It's summer in San Francisco, and tourist season is going strong. Long lines for cable cars, Fisherman's Wharf feels like a sardine can, and you may be waiting so long in Chinatown Dim Sum lunch turns into Kung Pao dinner. In summer, Lombard Street becomes the world's crookedest traffic jam, and Alcatraz may be the only prison in the world with crowds scrambling to get IN, not OUT. If all those vacation selfies posing with the Golden Gate Bridge were laid end-to-end, they'd probably be longer than the bridge itself.
But all those tourists look like they're having such a great time, I'm wondering why I'm sitting at home.

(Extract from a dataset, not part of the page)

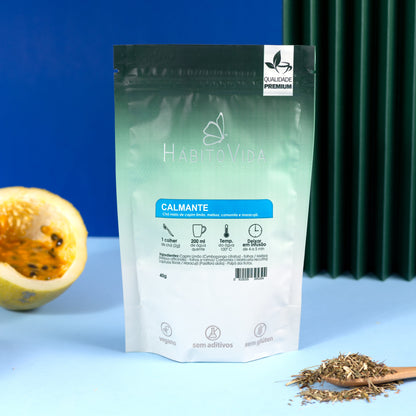 Blend de Chá Calmante - 40g
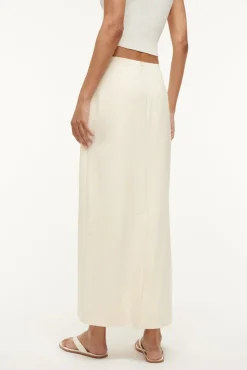 SMITH SKIRT ECRU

It's a strange fact that folks who live in tourist towns rarely take advantage of those same attractions people from all over the world come to see. I haven't visited Pier 39 in years, and I can't remember the last time I rode a cable car.
And it's not just San Franciscans. I have friends in London who haven't visited Big Ben in decades. I know Parisians who have never been on the Eiffel Tower, New Yorkers who haven't caught a Broadway show since "Hello Dolly," and Los Angelinos who wouldn't be caught dead in Disneyland. "For tourists," locals sniff dismissively.
But I've decided to stop being such a culture snob. There's a reason these attractions are listed in travel guides: they're fun.